• [Exercise details] When a line in the listing below contains the word "Silver", return a copy of that line.
-------- Study material --------
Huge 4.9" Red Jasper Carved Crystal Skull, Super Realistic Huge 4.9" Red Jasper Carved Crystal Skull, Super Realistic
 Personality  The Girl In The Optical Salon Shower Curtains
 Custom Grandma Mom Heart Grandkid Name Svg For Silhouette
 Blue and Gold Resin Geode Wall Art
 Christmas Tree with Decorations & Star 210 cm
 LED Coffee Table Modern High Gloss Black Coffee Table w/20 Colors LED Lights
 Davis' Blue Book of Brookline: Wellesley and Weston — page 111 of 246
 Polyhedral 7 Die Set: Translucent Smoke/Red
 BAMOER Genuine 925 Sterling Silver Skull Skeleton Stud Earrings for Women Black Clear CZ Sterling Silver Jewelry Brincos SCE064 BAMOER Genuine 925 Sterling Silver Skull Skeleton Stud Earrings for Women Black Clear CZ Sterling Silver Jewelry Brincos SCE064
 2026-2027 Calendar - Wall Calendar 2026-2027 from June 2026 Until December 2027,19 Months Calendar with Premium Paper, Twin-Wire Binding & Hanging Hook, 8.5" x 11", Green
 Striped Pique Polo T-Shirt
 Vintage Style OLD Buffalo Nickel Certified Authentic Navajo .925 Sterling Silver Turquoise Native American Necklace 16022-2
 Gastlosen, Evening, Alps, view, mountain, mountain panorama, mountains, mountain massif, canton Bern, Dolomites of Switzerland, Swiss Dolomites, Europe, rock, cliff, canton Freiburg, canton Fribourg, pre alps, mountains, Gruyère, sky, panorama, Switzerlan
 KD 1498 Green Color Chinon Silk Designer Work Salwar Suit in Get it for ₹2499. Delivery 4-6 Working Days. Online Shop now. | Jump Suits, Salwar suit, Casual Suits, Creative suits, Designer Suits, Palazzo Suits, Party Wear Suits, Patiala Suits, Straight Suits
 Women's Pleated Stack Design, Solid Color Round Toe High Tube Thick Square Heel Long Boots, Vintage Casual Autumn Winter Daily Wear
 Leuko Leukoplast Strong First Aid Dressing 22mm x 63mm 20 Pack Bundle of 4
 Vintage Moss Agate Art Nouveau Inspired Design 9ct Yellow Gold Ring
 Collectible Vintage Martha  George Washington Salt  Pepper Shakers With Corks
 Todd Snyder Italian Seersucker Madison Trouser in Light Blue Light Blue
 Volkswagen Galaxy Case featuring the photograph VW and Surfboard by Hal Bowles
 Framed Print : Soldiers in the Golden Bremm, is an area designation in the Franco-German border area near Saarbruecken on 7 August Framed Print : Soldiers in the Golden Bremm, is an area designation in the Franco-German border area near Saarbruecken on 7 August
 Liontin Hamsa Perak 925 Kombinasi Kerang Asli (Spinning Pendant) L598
--------
• [Response area]
 BAMOER Genuine 925 Sterling Silver Skull Skeleton Stud Earrings for Women Black Clear CZ Sterling Silver Jewelry Brincos SCE064 BAMOER Genuine 925 Sterling Silver Skull Skeleton Stud Earrings for Women Black Clear CZ Sterling Silver Jewelry Brincos SCE064
 Vintage Style OLD Buffalo Nickel Certified Authentic Navajo .925 Sterling Silver Turquoise Native American Necklace 16022-2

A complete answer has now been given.